## WHAT NEEDS TO BE DONE
Leave every image out, and print the remaining lines below exactly.
___ INFORMATION PROVIDED ___
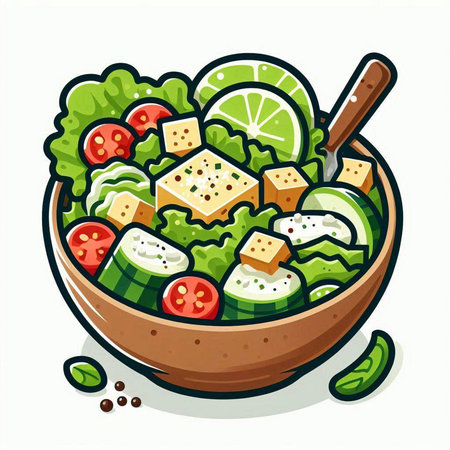 Illustration of a bowl of salad with cheese, tomato and cucumberのイラスト素材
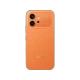 Turuncu renkli Honor 600 akıllı telefonun arka yüzeyi ve çift kamera modülü detayı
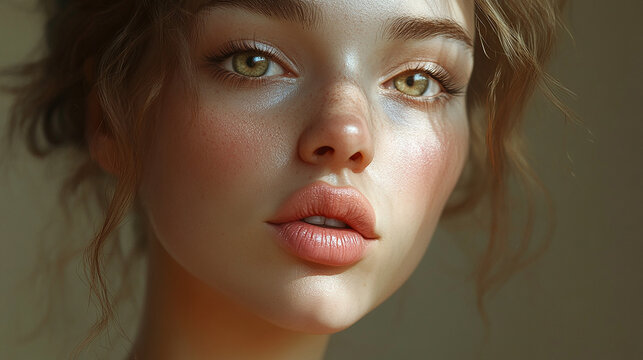 Young woman making a pouty face, lips slightly puckered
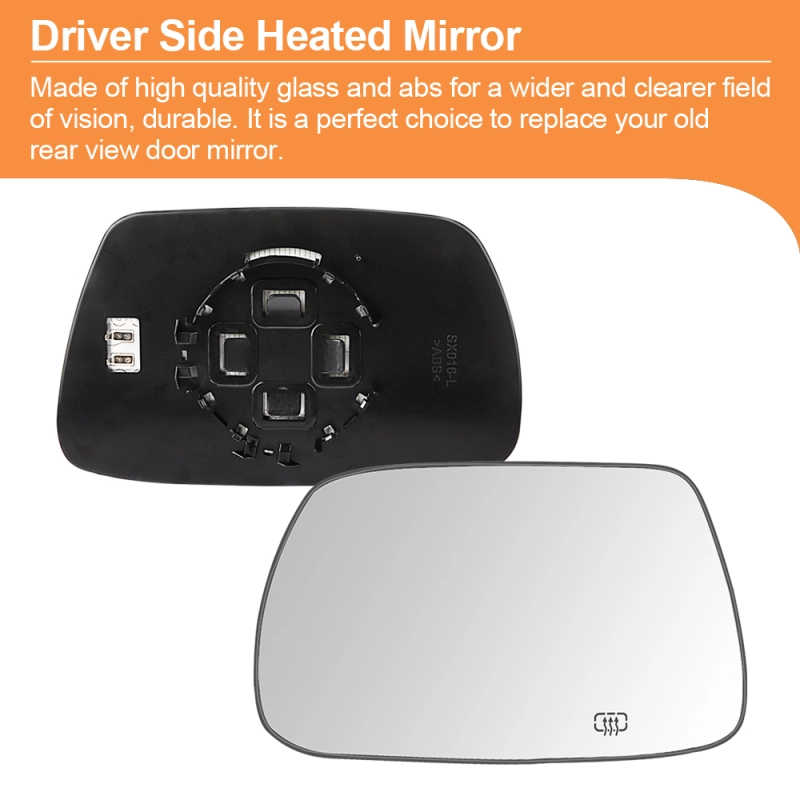 Side Heated Mirror Glass Replacement for Jeep Grand Cherokee 2005-2010 Side Mirror Glass with Rear Holder 5142875AA 5142874AA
___
## EXERCISE OUTPUT
 Illustration of a bowl of salad with cheese, tomato and cucumberのイラスト素材
 Turuncu renkli Honor 600 akıllı telefonun arka yüzeyi ve çift kamera modülü detayı
 Young woman making a pouty face, lips slightly puckered
 Side Heated Mirror Glass Replacement for Jeep Grand Cherokee 2005-2010 Side Mirror Glass with Rear Holder 5142875AA 5142874AA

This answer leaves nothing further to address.